The same error occurs periodically. When typing nvidia-smi, an error appears: Unable to determine the device handle for GPU 0000:DB:00.0: Unknown Error.

Bug report
nvidia-bug-report.log.gz (2.6 MB)

DB:00.0 seems to be the PCIe bus-id, and it’s always the card at this location that disappears, but it’s unclear whether the card is faulty or if there’s an issue with the server. Rebooting usually fixes this issue.

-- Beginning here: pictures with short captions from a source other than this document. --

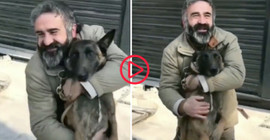 Kendisini enkazdan kurtaran köpekle buluştu: Sen var ya...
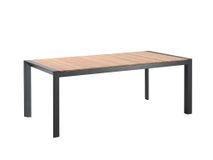 Tuintafel BRAGA - Zwart/teak GES BR ZT
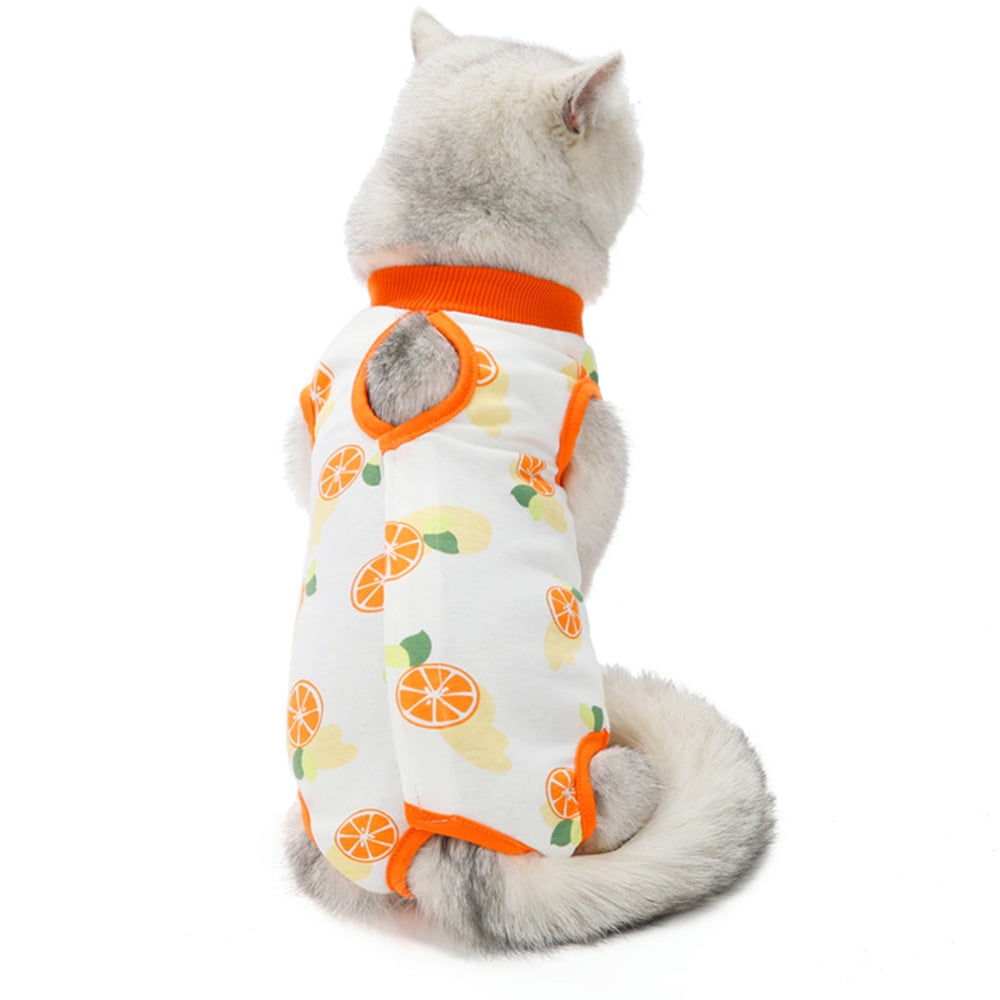 Cat Professional Recovery Suit for Abdominal Wounds and Skin Diseases, for Cats and Dogs, After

Please monitor gpu temperatures.

I recently had this error. The correct useful search term is “GPU has fallen off the bus” because that’s what is happening and how it is described. Things I found and solution:

  1. a reboot would get the GPU back on the root bus but some ML processes would still sometimes disconnect them again;
  2. running device monitoring “nvidia-smi dmon -i 0 -s puv -d 5 -o TD” (open a terminal, run this command, and watch the log in real time) was useful in seeing temperatures, mem use, and power and temperature violations. It allowed me to rule out temperature as a cause but it did signal power problems; and
  3. reseating the cards and replugging the power connections “solved” the problem. That said, even though there are no longer any failures, there still appear to be power violations leading me to conclude that either my PSU is starting to fail or the GPU is.

The fact is, GPU’s are pretty sensitive to things like voltage because it affects the data flow which has to very precise at the clock speeds the GPU’s are working at. Things that have a lot of effect on voltage are:

  1. condition of the GPU
  2. temperature of the GPU
  3. condition of the PSU